What This Says About Our Understanding of History
SLU was the first institution of higher education to officially announce a desegregation policy in Missouri, but the story is much more complex than that. The integration of college campuses in the St. Louis region started decades earlier, and often at the departmental level — whether it was SLU, Maryville and Webster offering educational courses in an integrated environment to the Oblate Sisters or if it was Webster officially admitting Easter as a music student in 1938. All this suggests that the announcements of a desegregation policy happened after integration had already started, and that it didn’t just occur overnight with an official decree.
“What we have learned is that desegregation did not start with policy changes, but rather was spurred on by different types of grassroots movements and the actions of individuals at each of the institutions which then caused the institutions to adapt,” Stevens said. “What matters is that we have an accurate understanding of what happened, how it happened, when it happened and how that has led us to this moment in time, because it gives us more context and better advises us on what we can do to keep moving forward.”
And that is what is irritating about recent actions by officials to prevent Black history from being taught in schools, Flewellen said.

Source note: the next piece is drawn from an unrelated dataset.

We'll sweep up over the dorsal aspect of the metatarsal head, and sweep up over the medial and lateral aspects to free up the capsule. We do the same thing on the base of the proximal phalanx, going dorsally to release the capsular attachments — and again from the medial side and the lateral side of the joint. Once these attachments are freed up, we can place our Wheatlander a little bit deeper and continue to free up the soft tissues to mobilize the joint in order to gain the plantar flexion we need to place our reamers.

By banning the discussion of what happened in Black communities, those officials are preventing the discovery of stories such as that of Vada Lee Easter and the priest, nuns and community members who broke the rules to right a wrong.
“What is frustrating is that there is a concerted modern movement to keep Black history buried under the notion that teaching about the very real inequities in the United States is somehow unpatriotic or unhealthy to the egos of non-Black students,” Flewellen said. “Some have claimed that further study will reveal even more horrors and harm that were inflicted on people of color in this country, but that such information would cause discriminatory behavior against white people. Yet in the story about Vada Lee Easter, we have uncovered evidence that organized groups of white priests and nuns were defying the Church and societal norms at the time and quietly enrolling Black students nearly two decades before the issue of desegregation was struck down by the courts. In the end, this shows that by diminishing Black history, we are diminishing U.S. history.”

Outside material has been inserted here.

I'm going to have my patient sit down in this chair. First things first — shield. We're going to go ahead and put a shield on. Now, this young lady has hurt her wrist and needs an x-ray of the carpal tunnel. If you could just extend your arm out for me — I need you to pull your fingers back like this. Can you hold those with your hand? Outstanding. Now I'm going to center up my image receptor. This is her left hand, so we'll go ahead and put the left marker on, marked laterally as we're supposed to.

Editor’s Note: Webster University reached out and heard back from officials at Howard University, SLU, Maryville, Fisk and the Missouri Historical Society for comments for this story. Those who provided feedback were given opportunities to correct or add information to the story. Webster University appreciates the efforts of officials at all the institutions who responded and their assistance in making this story as accurate as possible.